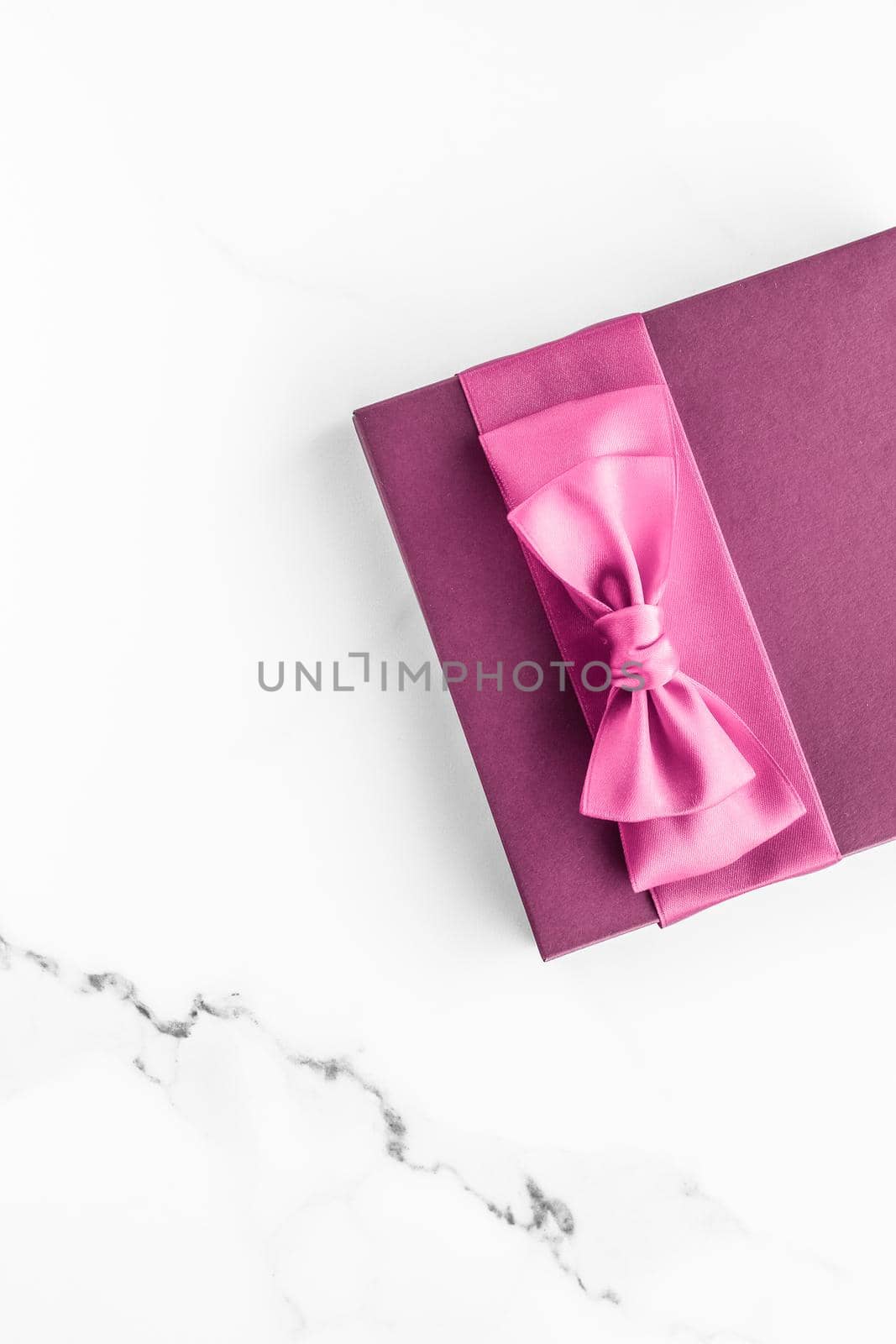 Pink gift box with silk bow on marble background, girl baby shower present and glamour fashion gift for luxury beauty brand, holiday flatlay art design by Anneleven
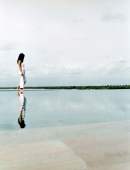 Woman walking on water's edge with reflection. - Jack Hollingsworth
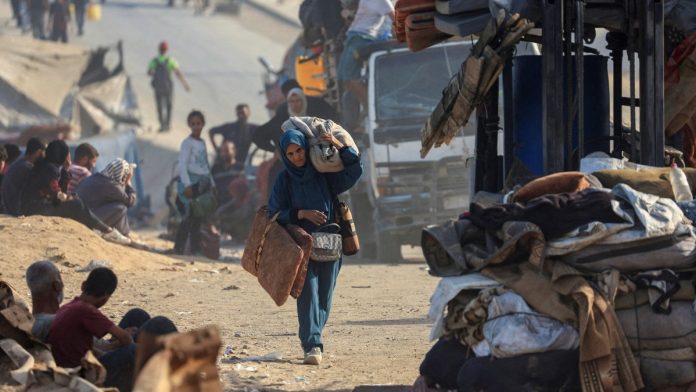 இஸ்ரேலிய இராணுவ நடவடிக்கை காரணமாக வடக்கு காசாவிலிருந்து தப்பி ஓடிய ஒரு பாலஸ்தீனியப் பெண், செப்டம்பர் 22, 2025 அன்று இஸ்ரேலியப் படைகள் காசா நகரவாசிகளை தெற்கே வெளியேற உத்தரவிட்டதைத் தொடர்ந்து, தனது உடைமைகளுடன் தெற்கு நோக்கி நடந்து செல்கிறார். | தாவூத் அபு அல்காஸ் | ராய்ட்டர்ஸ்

--

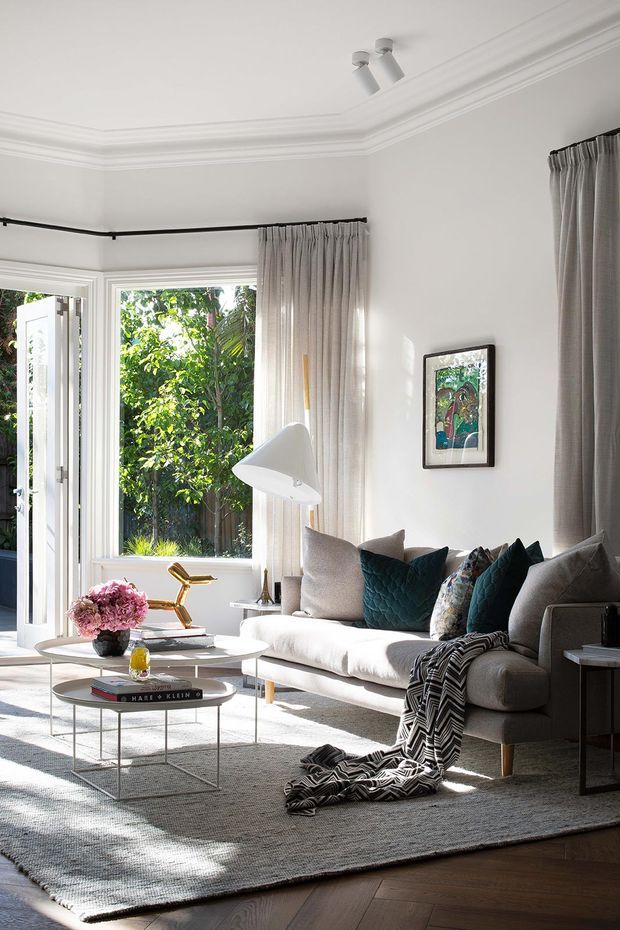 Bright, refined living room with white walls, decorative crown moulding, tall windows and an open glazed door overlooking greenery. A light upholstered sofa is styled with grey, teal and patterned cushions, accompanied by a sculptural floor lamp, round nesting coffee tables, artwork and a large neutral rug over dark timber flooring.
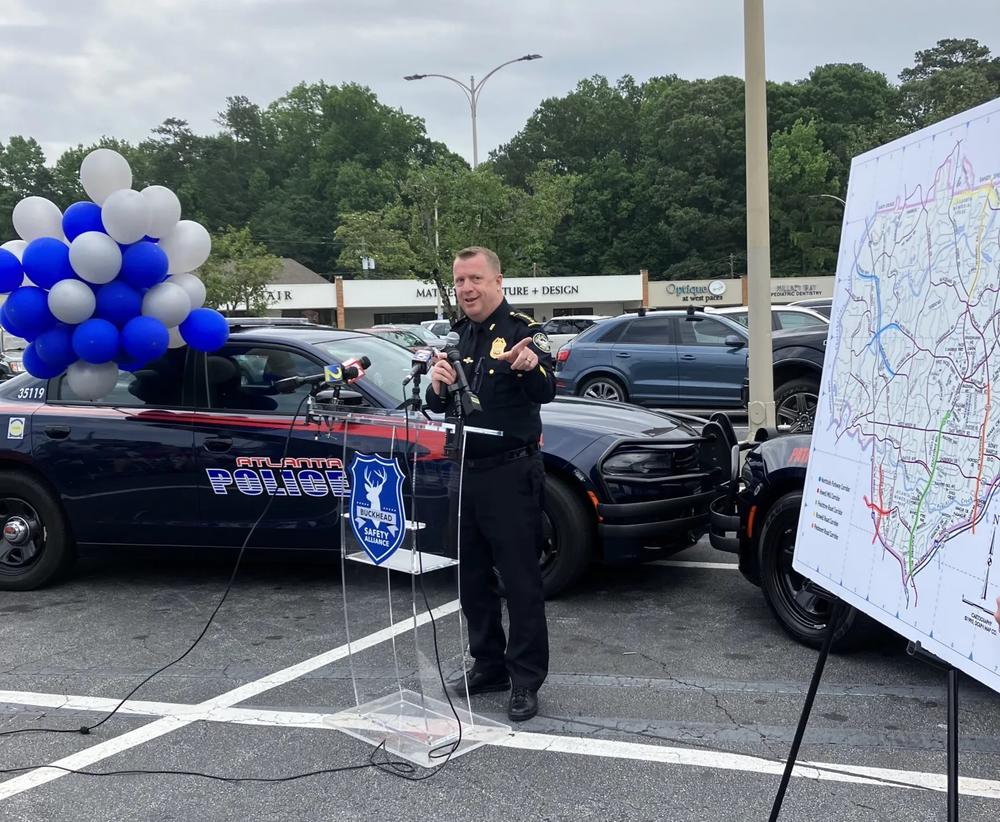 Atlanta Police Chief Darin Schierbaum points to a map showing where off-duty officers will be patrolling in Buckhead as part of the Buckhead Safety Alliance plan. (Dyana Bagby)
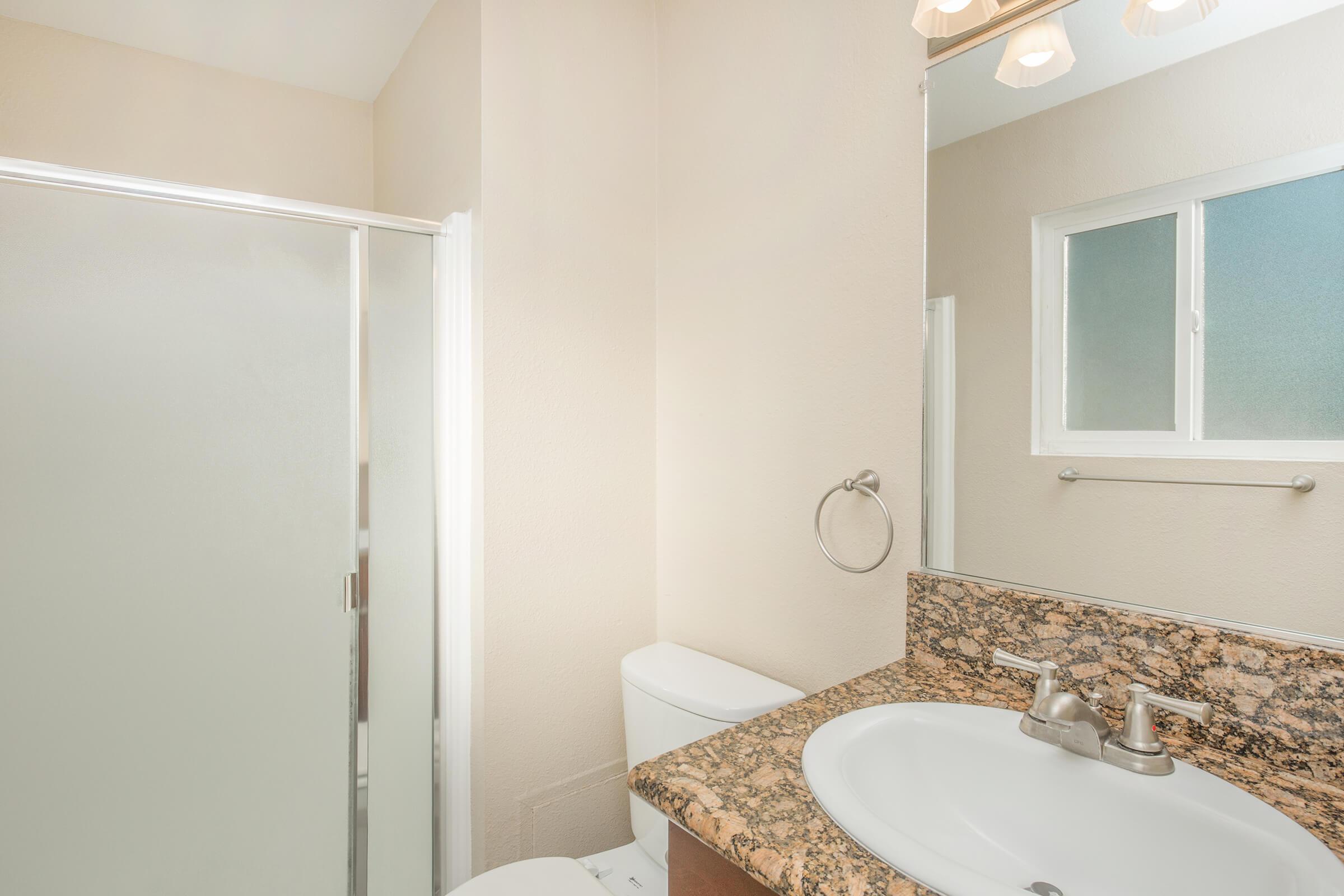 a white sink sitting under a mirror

_Exercise prompt_
When you reach the line with "Pink gift box" in the records above, start writing out each line exactly, and stop after the line with "இஸ்ரேலிய இராணுவ நடவடிக்கை". Pictures stay out.

_Answer space_
 Pink gift box with silk bow on marble background, girl baby shower present and glamour fashion gift for luxury beauty brand, holiday flatlay art design by Anneleven
 Woman walking on water's edge with reflection. - Jack Hollingsworth
 இஸ்ரேலிய இராணுவ நடவடிக்கை காரணமாக வடக்கு காசாவிலிருந்து தப்பி ஓடிய ஒரு பாலஸ்தீனியப் பெண், செப்டம்பர் 22, 2025 அன்று இஸ்ரேலியப் படைகள் காசா நகரவாசிகளை தெற்கே வெளியேற உத்தரவிட்டதைத் தொடர்ந்து, தனது உடைமைகளுடன் தெற்கு நோக்கி நடந்து செல்கிறார். | தாவூத் அபு அல்காஸ் | ராய்ட்டர்ஸ்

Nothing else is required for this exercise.